见最后蓝正也上车了,告别之后,安笙居然没有上4路车,反而是沿着路往王浩家走去。
王浩的气息安笙还是认得的,刚刚在王浩家门口的时候安笙就感觉到了。
不过既然王浩没有给大家开门,安笙也就保持沉默。
“叮咚~~”
很快的门就开了。
王浩怔怔的看着背着书包,直直看着他的安笙。
“……安、安笙?”
22.王浩和安笙(下)
安笙看着凌乱的客厅和王浩肿了的眼睛,淡淡的说:“你怎么了?”
王浩不说话,只是小小的拳头攥的很紧。毕竟是小小的孩子,平时再怎么老成,这个时候眼泪还是管不着的落下来。

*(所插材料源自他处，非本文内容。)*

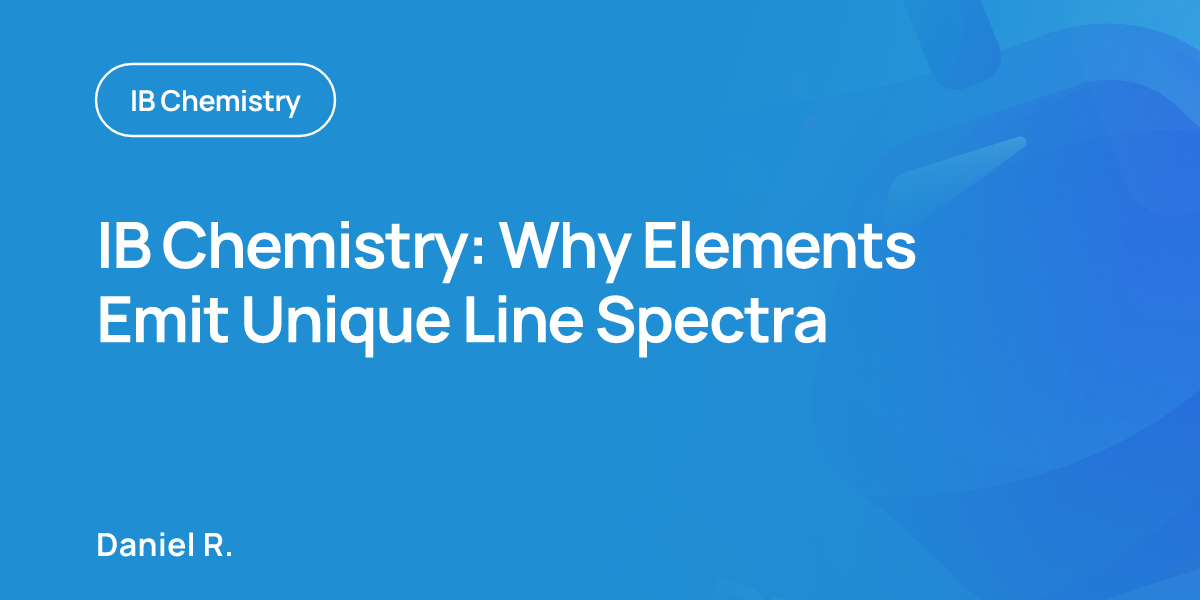 IB Chemistry: Why Elements Emit Unique Line Spectra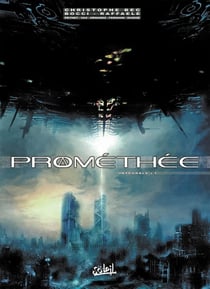 Prométhée : Intégrale vol.1 : Tomes 1 à 5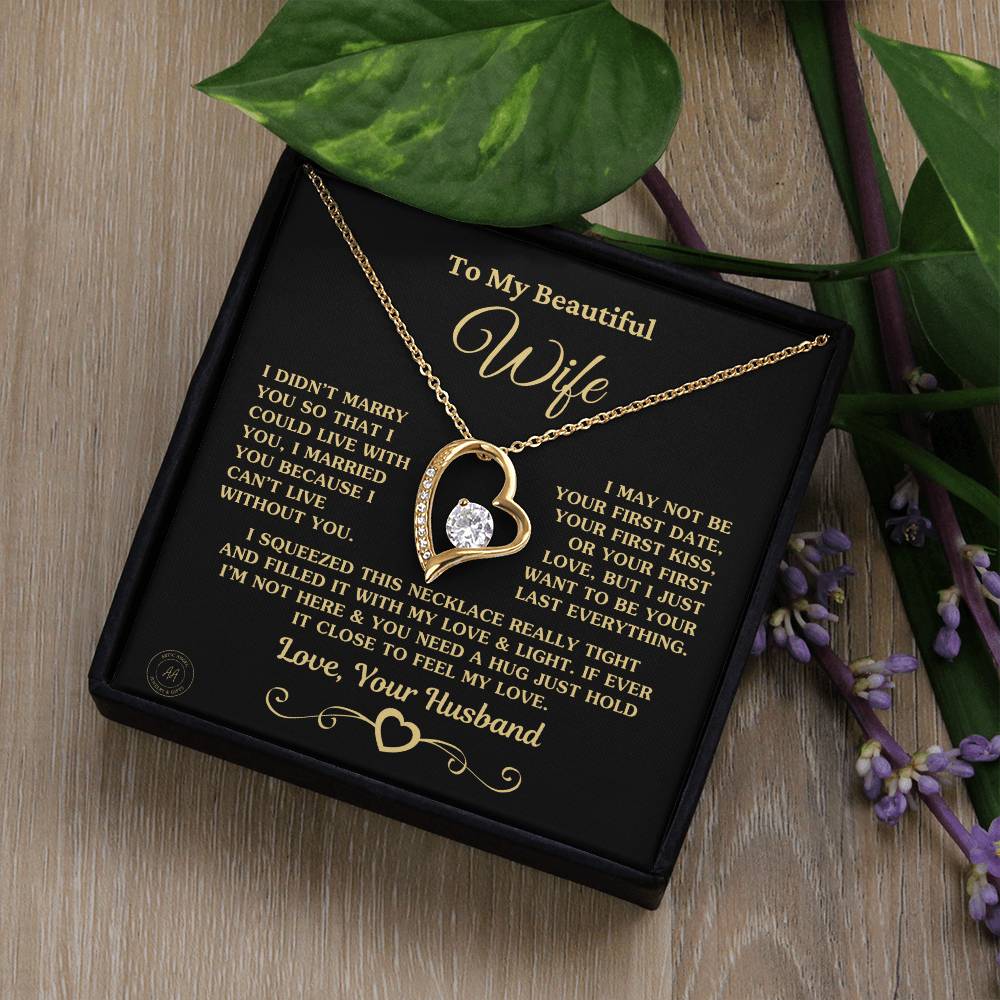 Special Gift For Wife I Can'T Live Without You Gold Heart Necklace Forever Love Necklace
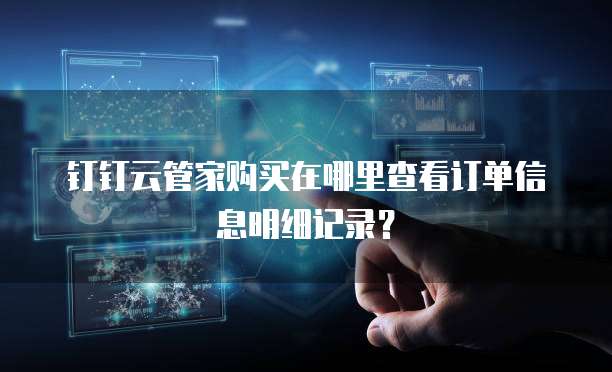钉钉云管家购买在哪里查看订单信息明细记录?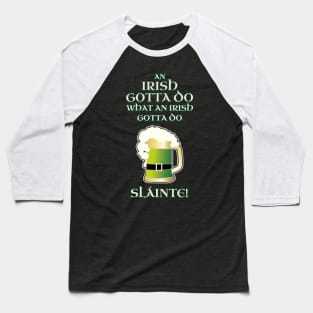 Funny Irish Gotta Do What Irish Gotta Do St. Patrick's Day Shirt Beer Pint Slainte Baseball T-Shirt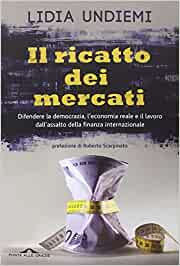 Il ricatto dei mercati. Lidia Undiemi. Ponte alle Grazie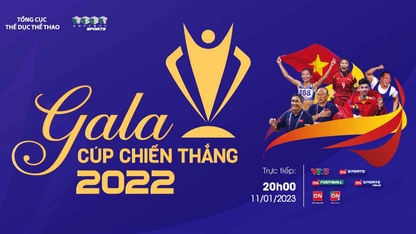 Gala Cúp Chiến thắng lần thứ 6: Cùng thể thao Việt Nam thăng hoa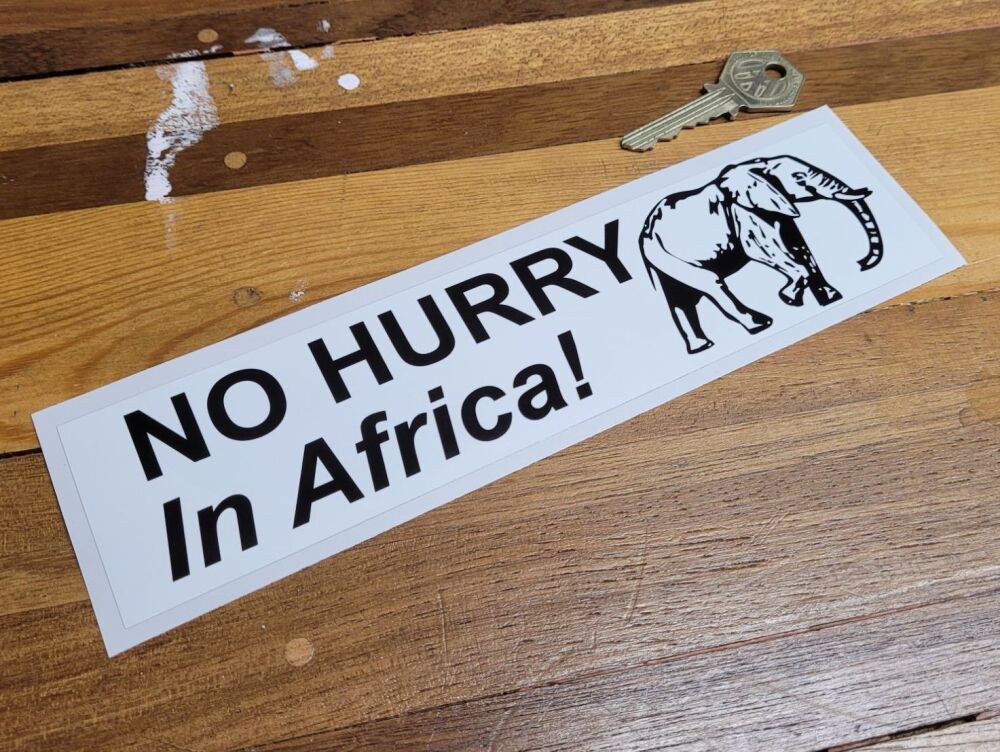 No Hurry In Africa! Sticker - 9"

王浩哭的很伤心,一个受尽委屈的孩子,看见年长的朋友,用力的汲取着希望,哪怕这个希望多么的孱弱。
安笙轻轻的拦住王浩,皱着眉不说话。
等王浩都开始抽噎一个劲儿的打嗝的时候,安笙才问:“是不是你爸妈打你了?”
王浩委委屈屈的说:“他、他们、要、离婚。哇~~”说完就又开始哭。
安笙给王浩倒了一杯水,不解的问:“什么是离婚?”
王浩更委屈,好不容易说出心事,赶巧来个什么都不懂的!
“就是两个人散伙了,不再在一起了,不是一家人了。”
安笙这下听懂了。
他知道这个社会家庭很重要,本来以为两个人在一起就不会分开,原来还有“离婚”这一说。
安笙对王浩说:“为什么离婚?”
王浩一听,立刻脸红了。他不愿意让其他人知道这些事,毕竟不是什么光彩的事。但是,看着安笙纯净的眼睛,他又不能不说:“嗯……就是,有小三了吧……大概。”
安笙皱眉,“什么是小三?”
王浩小盆友简直要吐血了!!
我等着你安慰我呢!你这以为是百家讲坛还是社会科普啊!!
王浩干脆不理他,歪在沙发上作“我死了”状。
安笙看着他,缓缓说:“原来两个人是不会永远在一起的。为什么、要分开呢?只要没有死没有吃不饱,为什么要分开呢?”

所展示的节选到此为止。